L'Etat, les libertés individuelles et l’ordre public à l'ère du Numérique... Des notions et des réalités aussi indispensables les unes aux autres qu'irréconciliables. A. Kader SANOGO l'a expliqué en pointant du doigt le paradoxe de l'État qui tente de préserver l'ordre public - et donc les libertés de chacun sur la toile - en usant de moyens techniques et juridiques portant atteinte à ces mêmes libertés. C'est ensuite Aimoi N. MOUSSODJI-MATSANGA qui a proposé une réflexion soutenue sur le dispositif juridique mis en œuvre dans la lutte contre la cybercriminalité, lutte indispensable au maintien de l'ordre public.

L'hégémonie numérique pose également la question de la souveraineté de l'État, notamment quand les outils numériques viennent empiéter sur les compétences économiques et monétaires. Carlos ODJAGA a démontré que le Numérique a offert une opportunité aux individus de retrouver un "droit de battre monnaie » ; droit qui avait été cédé depuis longtemps à l'État et que celui-ci aura désormais pour défi de réguler. En outre, le Numérique peut également être un puissant instrument de manipulation et de contrôle dans un but politique. Yves-Alain KOUMBA a exposé les particularités liées aux élections législatives ou présidentielles en présentant des cas concrets et pertinents. Par ailleurs, Serigne M. Yali SARR a déplacé la thématique sur la scène communautaire avec l'exemple de l'UE qui tente de réguler le droit d'auteur sur Internet tout en tentant avec une réussite relative de préserver les libertés des utilisateurs.

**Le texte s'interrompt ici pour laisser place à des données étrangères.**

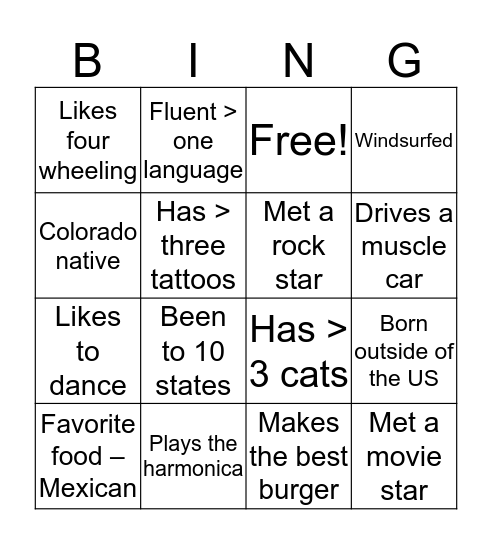 March Mixer Bingo Card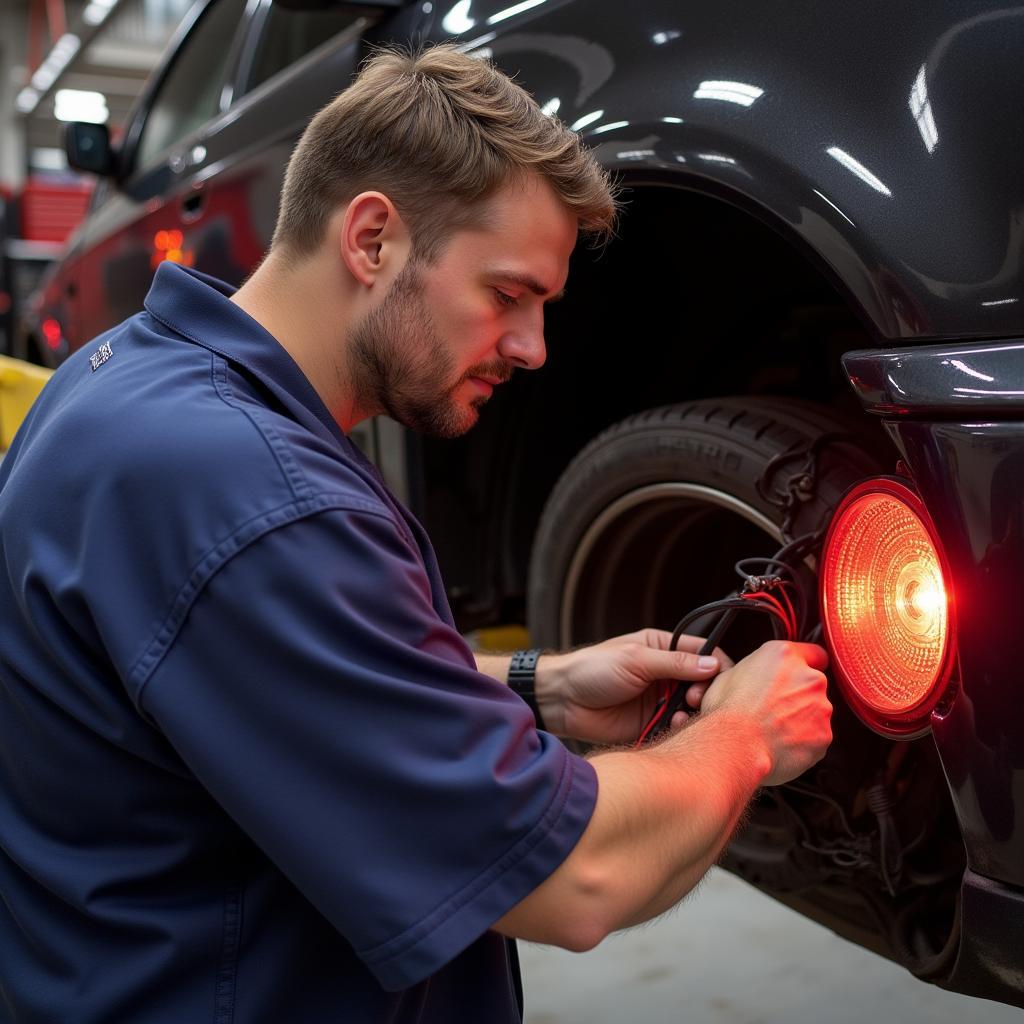 Inspecting Brake Light Wiring on a Volvo V70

Ce balayage pluridisciplinaire a permis non seulement de constater que la thématique est et restera d'actualité encore longtemps, mais aussi que cette journée demeurera incapable d'épuiser le stock de problématiques liées au Numérique et au Droit Public : un stock de plus en plus important et sans cesse renouvelé. Mme Valérie NICOLAS, Maître de Conférences à l'Université de Paris Nanterre le soulignera dans sa remarquable conclusion. Elle en profitera pour exhorter tout le Droit (Public et Privé) a des réflexions et des modes d'action communs face aux problématiques que pose la nécessité de préservation des Libertés à l'ère du Numérique. Les organisateurs n’ont pas manqué de remercier tout le Laboratoire de l’IRENEE, les invités et toutes les personnes présentes pour cette fructueuse journée d’études. La publication des actes de la journée est prévue pour l’année académique 2021-2022.